English political philosophy reached undisputed, worldwide recognition three times in the 17th and 18th century, in the works of Thomas Hobbes, John Locke and Edmund Burke. The writings of these thinkers, who deserve the reputation of being statesmen of the first order, exerted an influence which was not restricted to the British Isles. Like mighty waves, the political insights and experiences, the great and vital principles of political order and leadership which Hobbes, Locke and Burke had made available to their compatriots, broke on the shores of the old and the new world. This influence has not ceased to the present day, although it was expressed in terms of a certain constellation of social forces in the British kingdom. The tremendous upheaval of the Western social structure which began — in Burke’s words — like an earthquake in the age of the French Revolution has, to be sure, long since shaken and destroyed the social organization which forms the basis and supplies the standards of their thinking. There can be no question that Hobbes, Locke and Burke, in their views on the origin and meaning of the state, the nature of society, and the relationship of the individual to the state and to the social bonds in which alone he can really be said to become a man in the full sense of the word, achieved recognition for the material interests of certain social classes in a certain legal and political order.
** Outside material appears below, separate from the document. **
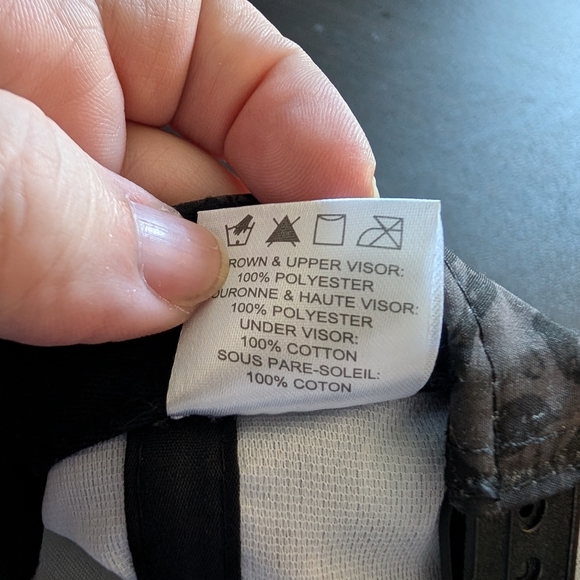 Disney Nightmare Before Christmas Hat - Picture 6 of 6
Their works contain an ideological foundation and justification of a certain political and social order resting upon the monarchy, the landed gentry and the propertied middle class. But is the only function of these writings that of an ideological justification? Are they merely the expression of an existing or desirable social constitution in which the play of opposing forces and ideas has culminated in a state of relative political stability? Why is it then that the after-effects of these works are to be felt with unparalleled force to the present day, although their political and social assumptions are by no means those of our age?